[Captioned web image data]

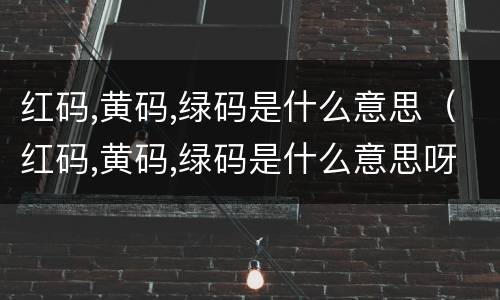 红码,黄码,绿码是什么意思（红码,黄码,绿码是什么意思呀）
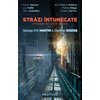 Strazi intunecate (antologie de urban fantasy  vol. 2)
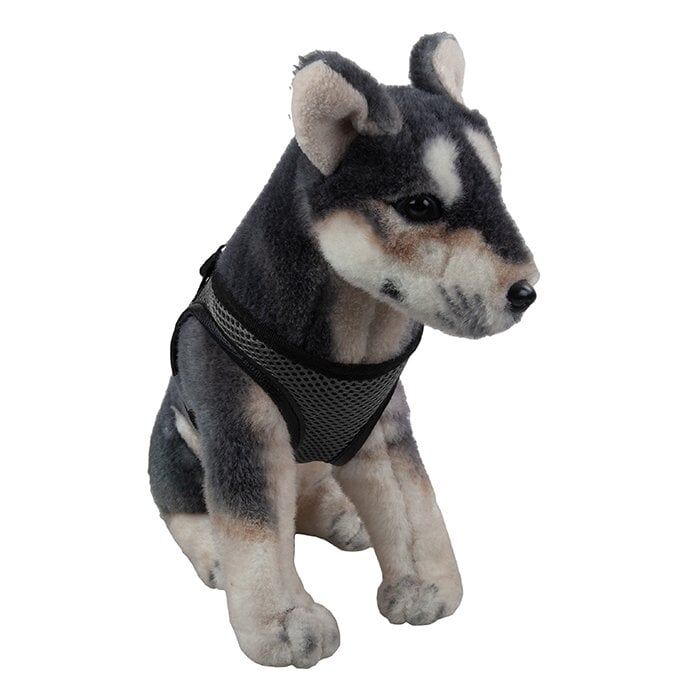 Oripet Siyah Köpek Göğüs Tasması Mini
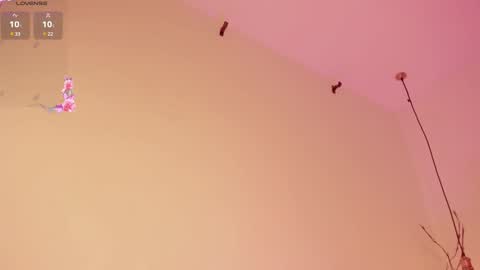 Sofie online show from 15, 2, 2025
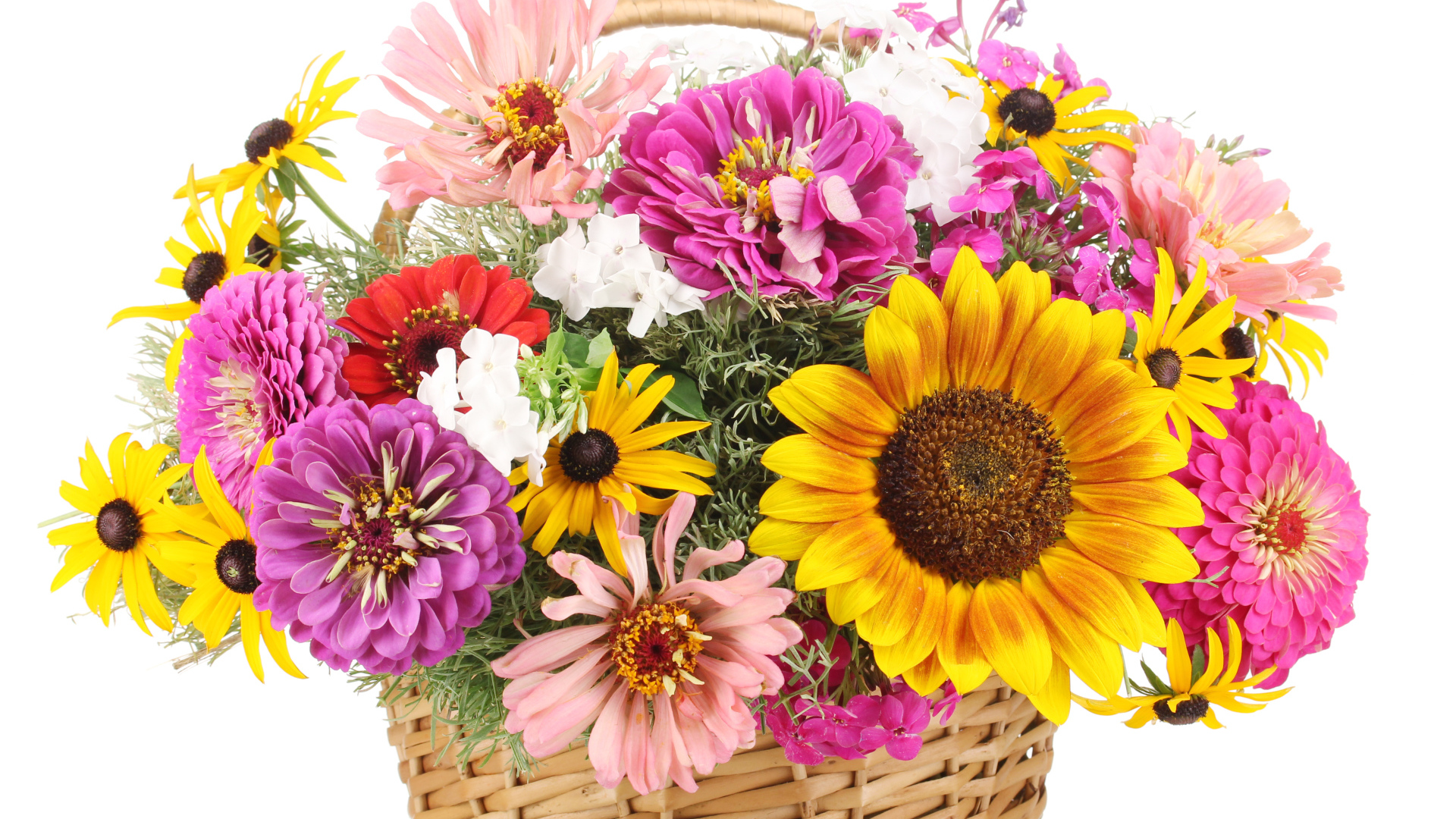 Букет цветов цинии, рудбекии и подсолнуха в корзине на белом фоне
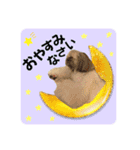 くぅたま 第2弾（個別スタンプ：13）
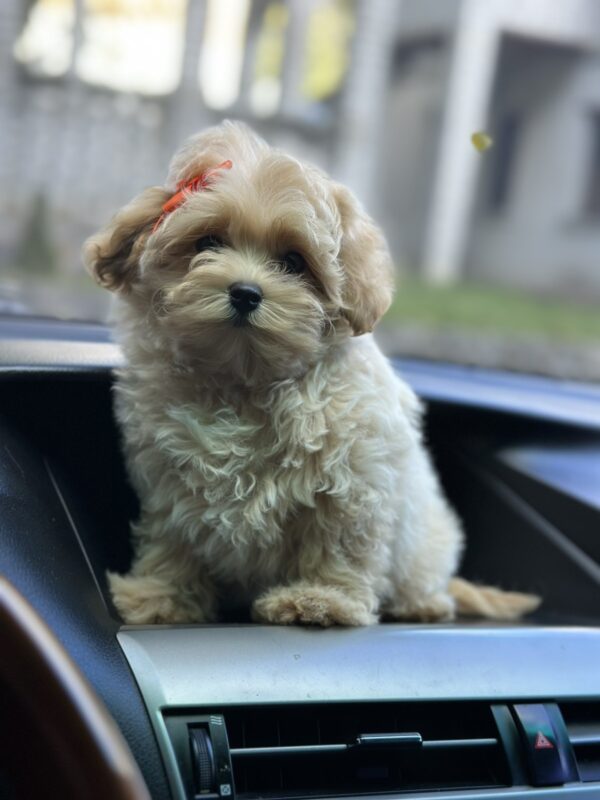 Sierra Maltipoo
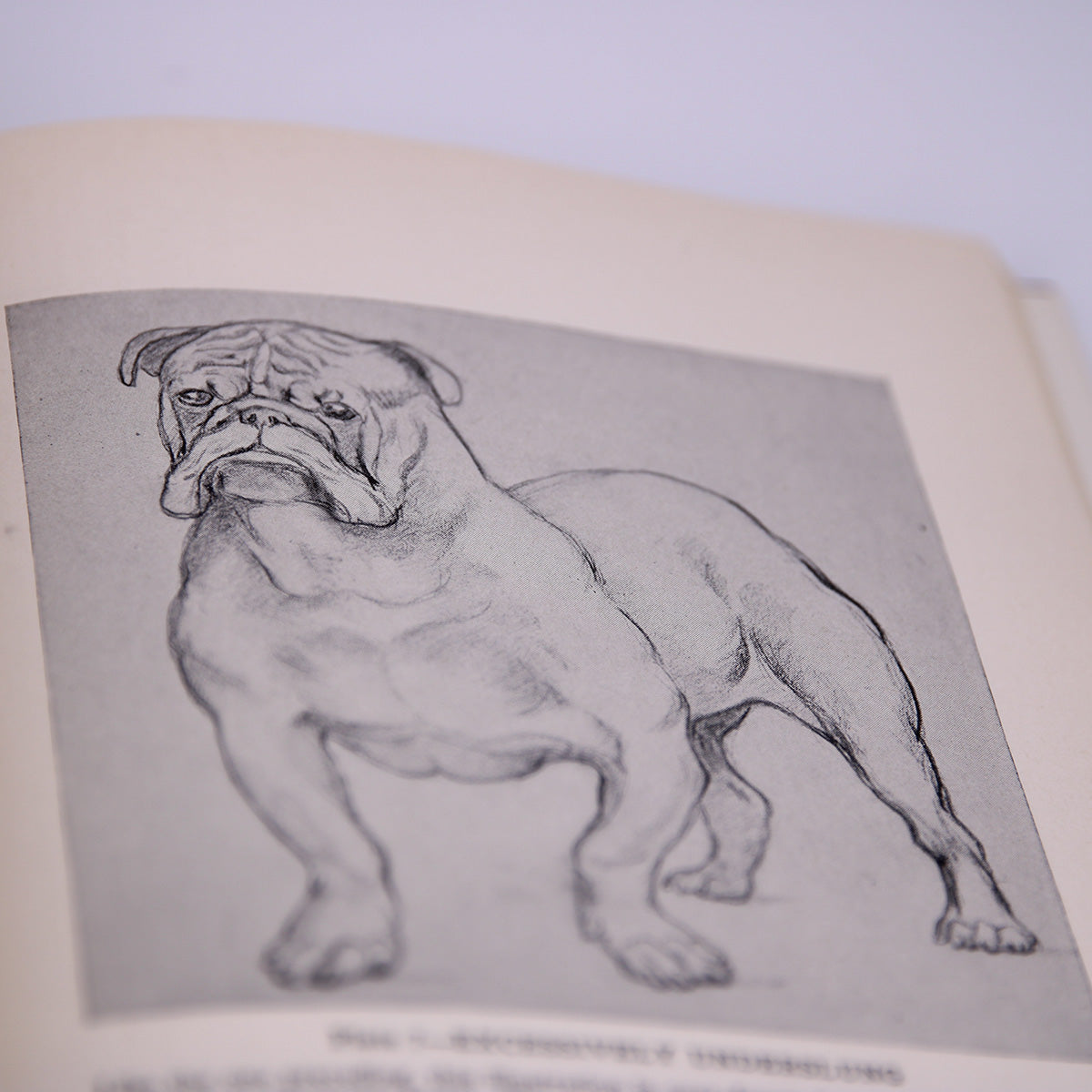 The Bulldog by Enno Meyer, 1952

▶ [GOAL OF THE EXERCISE] From the first line to the last, write out the data exactly, dropping any pictures.

▶ [REPLY TO THE TASK]
 红码,黄码,绿码是什么意思（红码,黄码,绿码是什么意思呀）
 Strazi intunecate (antologie de urban fantasy  vol. 2)
 Oripet Siyah Köpek Göğüs Tasması Mini
 Sofie online show from 15, 2, 2025
 Букет цветов цинии, рудбекии и подсолнуха в корзине на белом фоне
 くぅたま 第2弾（個別スタンプ：13）
 Sierra Maltipoo
 The Bulldog by Enno Meyer, 1952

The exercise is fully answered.